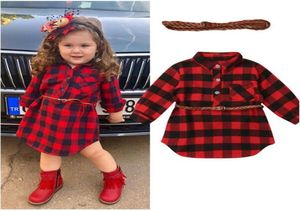 Baby Girl Red Buffalo Check Dress Newborn Toddler Baby Girls Princess Dress Red Plaid Shirt Dress With Belt Outfits Kids Dresses9573413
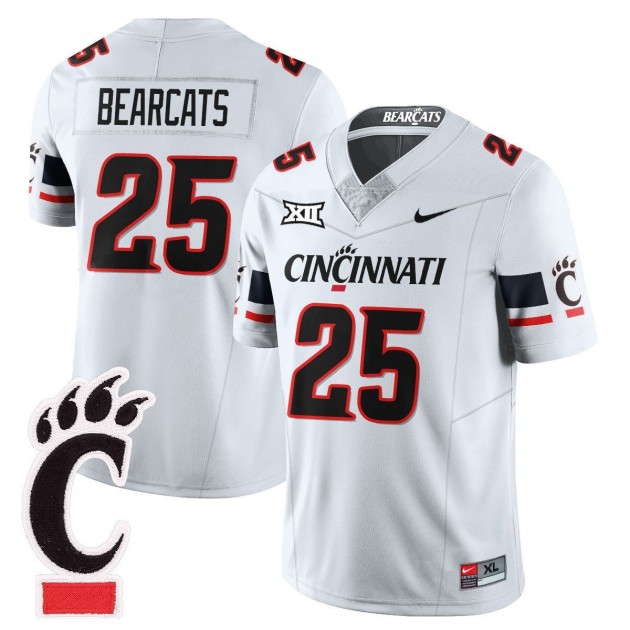 Men's Cincinnati Bearcats #25 White 2025 F.U.S.E. Limited Uniform Stitched Football Jersey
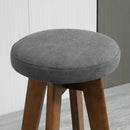 Set 2 Sgabelli da Bar Imbottiti 41x41x69 cm in Legno e Tessuto Grigio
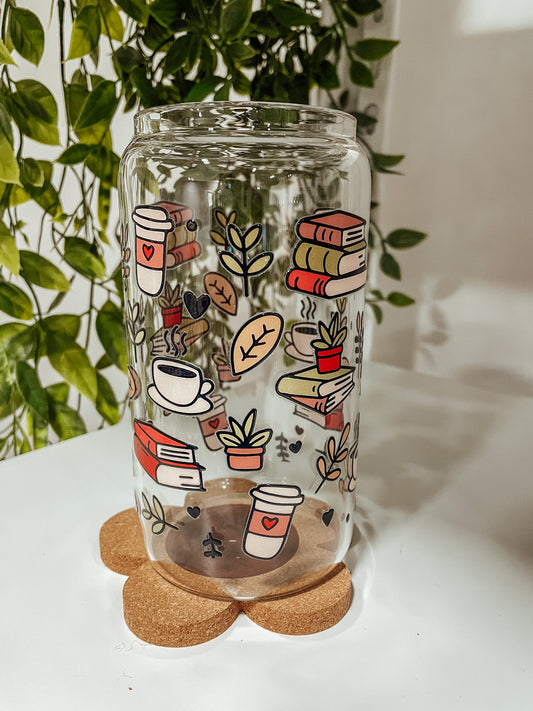 Cozy Bookish Girl - 16 oz glass tumbler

- [What is expected]
Beginning with the line containing "Men's Cincinnati Bearcats" and ending with the last line of the listing above, output those lines exactly as written, without pictures.

- [Answer box]
 Men's Cincinnati Bearcats #25 White 2025 F.U.S.E. Limited Uniform Stitched Football Jersey
 Set 2 Sgabelli da Bar Imbottiti 41x41x69 cm in Legno e Tessuto Grigio
 Cozy Bookish Girl - 16 oz glass tumbler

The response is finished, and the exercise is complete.